The doctor at Cleveland said that I didn’t fit the criteria for PANDAS and that he thought I had spasmodic vocal dysphonia and not a tic. He switched me to a new medicine, increased my OCD meds, and to our dismay later e-mailed us telling us he was mistaken and not sure what I had.
At that point, my hypnotherapist was great and really going above the call of duty since he was a pediatric pulmonologist. He asked around and sent me to Strong Memorial to a doctor that specialized in pediatric tic disorders. At that point, I had developed more tics. I was rolling my eyes still, shrugging my shoulders, had a movement where I moved my right rib section in and out, had facial grimaces, still was wheezing, and had a variety of vocal tics.
I had almost no control over most of them and could suppress them for a bit. The doctor said that based on the presentation of motor and vocal tics for over a year, along with the OCD, that I had Tourette Syndrome. He explained everything we needed to know and decided to take me off my tic medicine for two weeks to see what the course of my TS was.

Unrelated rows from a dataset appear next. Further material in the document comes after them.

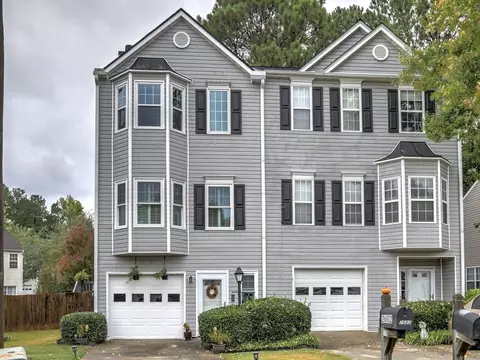 2602 Thorngate Way, Acworth, GA 30101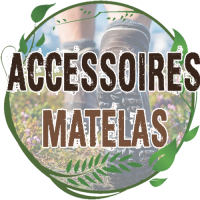 accessoire pour matelas trekking draps synergy couplage matelas thermarest kit réparation valve toile matelas randonnée gonflable
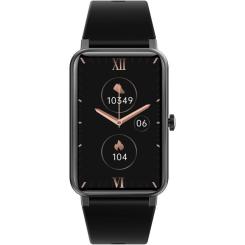 Смарт-часы Globex Smart Watch Fit (Black) Фото 6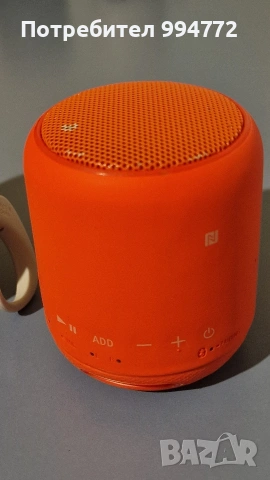 Тонколонки Sony SRS-XB10, снимка 2 - Тонколони - 54948899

We would make adjustments from there.
In those two weeks, I developed so many new tics. Snapping, hand clapping, leg tapping, tippy toe walking, nose touching, different vocal tics, sniffing, coughing, and the most infamous one of all: the Whoop. When I got the diagnosis, I didn’t want my siblings to know about it and only told my closest friends, who had already started to notice some of my tics.

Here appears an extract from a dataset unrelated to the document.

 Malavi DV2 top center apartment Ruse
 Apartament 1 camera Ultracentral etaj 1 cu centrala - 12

The list was around 3 people. I was at indoor track practice one day. I normally just watch and help out since I can’t run. When I started touching my nose a lot — it was like I was rubbing it. When we transitioned from one gym to another, my friend who knew about the TS noticed it. Out of nowhere, I let out a couple whoops. She laughed and was entertained, as was I.
With all of my tics, I always tried to laugh them off, so I was never upset when my friend laughed at them. My other friend figured out if she said the word tomato that I would whoop. My other friend said drop the beat and I would do my sniffing tic. I thought that all this was OK since it was all in good fun.
My one friend was able to figure out how to calm down my whooping tic when I couldn’t stop by transferring to the nose touching tic. I really appreciated that. It was clear I had to be put on medicine again and once I was, I was able to control them a little bit better.
So that is how I got my diagnosis. I don’t resent my TS — it is a part of who I am. I let my friends make fun of it because I love seeing them smile, as they exploit my excessive dopamine levels. I might as well have fun with it since it is going to be around for a while.